A couple of days before I embarked on a painting adventure to Southern Utah, I was in my local coffee house talking with a gentleman named George about his recent cross country road trip. He mentioned exploring and photographing the Capital Reef area, but shared his frustration with the photos he took of the vermillion walls and saturated sunsets. His words to me in describing the beauty he saw and felt were full of intensity and wonder, the description of his experience, full of emotion. He said his photos fell flat of his expectations.
I shared with him how fortunate I feel to be able to set up my easel and paint that beauty he was describing, interpreting the experience through my medium. Allowing for the heat, smells and light to influence my approach to the canvas. How I am not always satisfied either by my interpretation of the scene before me, but always love the experience of trying. The physical experience of painting brings about a deep seeded need to lay claim to something beautiful, and an opportunity to share that moment with someone.
Our conversation turned to his visit to the Art Institute of Chicago, and the Van Gogh paintings hanging on the walls. “Why should I like Van Gogh? I don’t get it.” He said. I started to explain about color relationships, design, form, line, mark making, all the technical “stuff” that comes from teaching workshops. I quickly realized I sounded like Charlie Brown’s teacher in the Peanuts comic strip…
I shifted gears and started to talk about Van Gogh’s compelling story, how when one sits still enough you can feel the passion in his mark making, you can see the emotion in his choice of subject matter, his exploration of color. His work, I told George, is visceral. Then I realized I was sharing my experience with Van Gogh’s paintings, and George would either be spurred on by my passion to look deeper or he wouldn’t.

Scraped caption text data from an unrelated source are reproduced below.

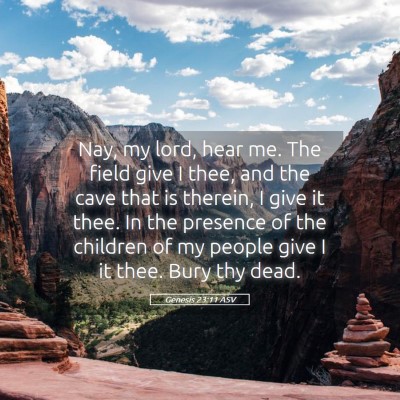 Picture 05 - Genesis 23:11 ASV - Nay, my lord, hear me. The field give I thee, and - Bible Verse Picture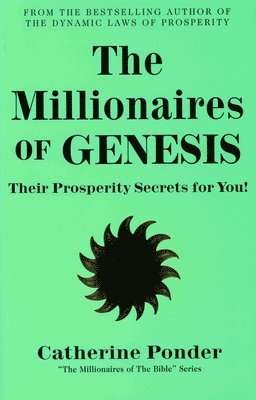 Catherine Ponder - Millionaires of Genesis - the Millionaires of the Bible Series Volume 1, Häftad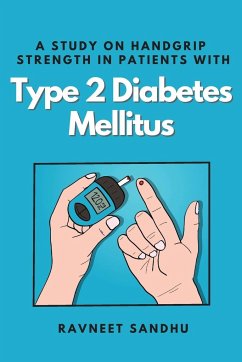 A Study on Handgrip Strength in Patients With Type 2 Diabetes Mellitus - Sandhu, Ravneet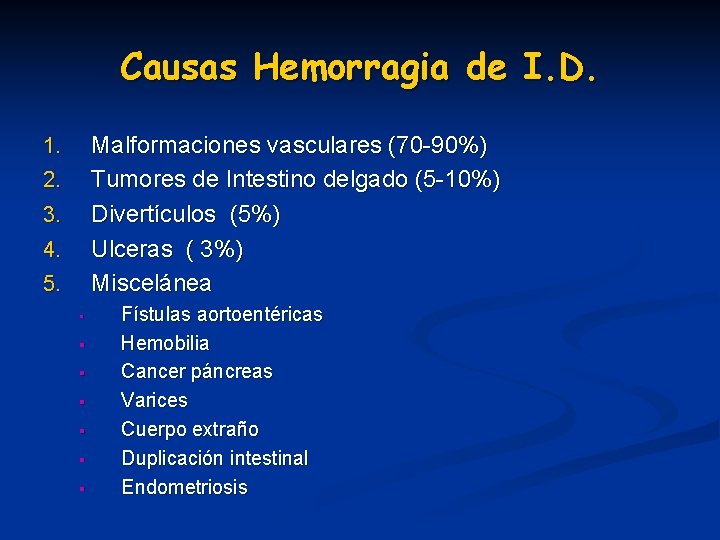 Causas Hemorragia de I. D. Malformaciones vasculares (70 -90%) Tumores de Intestino delgado (5 Causas Hemorragia de I. D. Malformaciones vasculares (70 -90%) Tumores de Intestino delgado (5
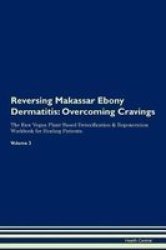 Reversing Makassar Ebony Dermatitis - Overcoming Cravings The Raw Vegan Plant-based Detoxification & Regeneration Workbook For Healing Patients. Volume 3 Paperback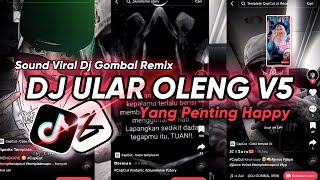 DJ ULAR OLENG V5 x YANG PENTING HAPPY VIRAL TIK TOK - DJ GOMBAL REMIX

Why did this conversation spark my interest? I realized it is integral to our human makeup to respond to memories, images, sounds and smells…. If one doesn’t recognize what they are seeing, smelling, listening to, then it is less likely one will LIKE it upon their first encounter… If one grew up listening to the thick massive sounds of heavy metal bands one might be less likely to enjoy the slow movement of a classical music piece upon the first hearing. Or, if one's appreciation of art was based on how closely a painting looks like a photograph, trying to relate to a more expressive approach in style may spur a negative reaction until one has a deeper knowledge of the painting process, is able to discern the work within the context of history, or is offered a chance to see the work in a new way.

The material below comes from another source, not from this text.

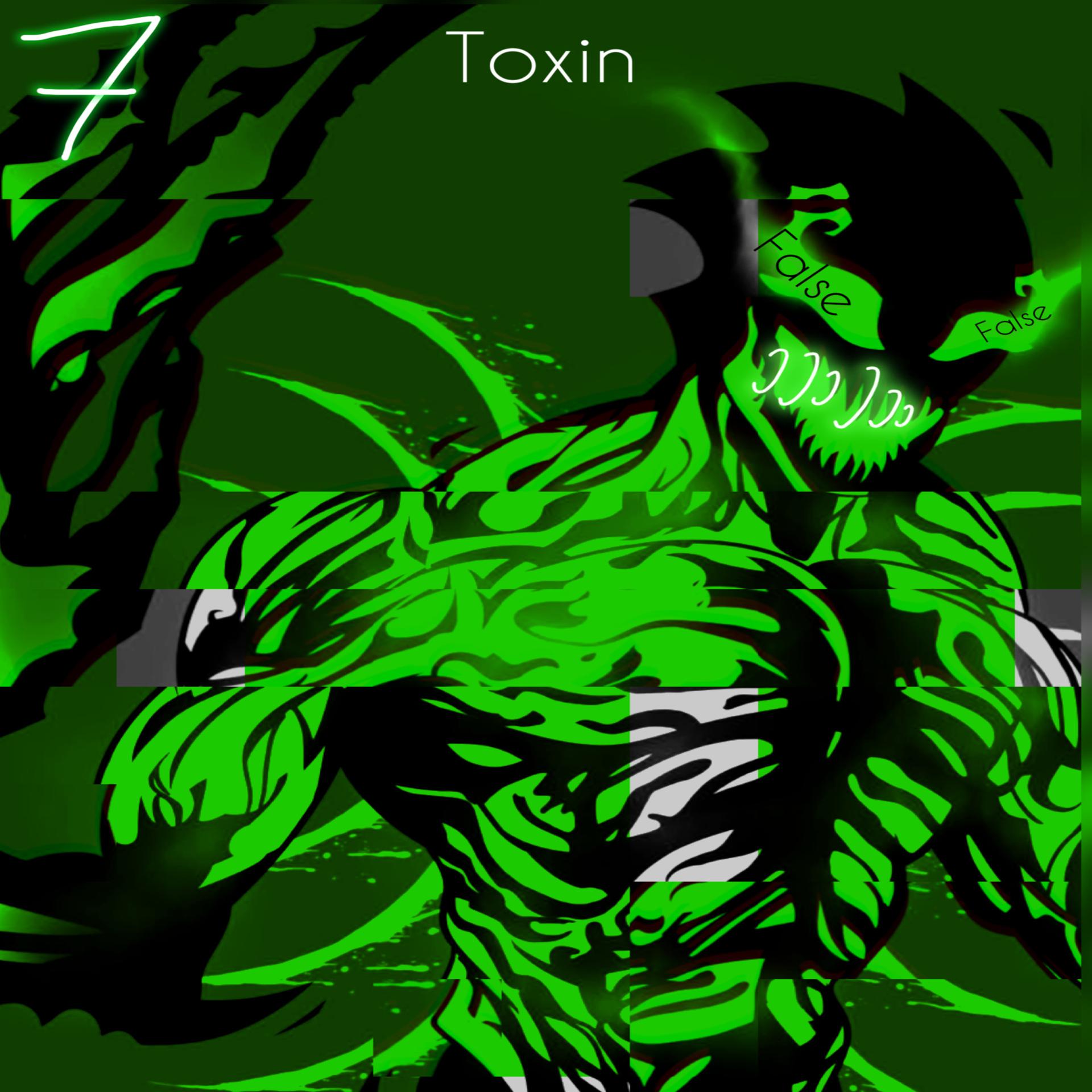 Постер альбома Toxin (Slow + Reverb)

My life is surrounded by family and friends who support what I do, but don’t quite understand it, and that my work is a part of who I am. They see a level of competency, maybe a dollar value, a painting may speak to them because what I do is fairly representational. But most don’t choose to take a closer look, to ask about it, to delve deeper to understand the why. I straddle two worlds, my art world and, what I call, my real life world. It is rare that they mix.
I am grateful to Lori Putnam, because without her request to participate in this project I would not have been as open to the conversation with George. I would have continued to keep my two lives separate. I was given the opportunity to share my art world with my real life world, and it felt good. I encouraged George to learn the craft of photography in order to better capture the beauty and memory of his experiences. I was able to suggest a possible new way for him to look at art. Maybe he will join the rest of us who are compelled to look at beauty with a discerning eye and study deeper in order to express our creativity.
As artists, it is within our power to offer our passion to those willing to see and feel. Thank you, Lori Putnam, for allowing me to share both of my worlds here in your cyber space.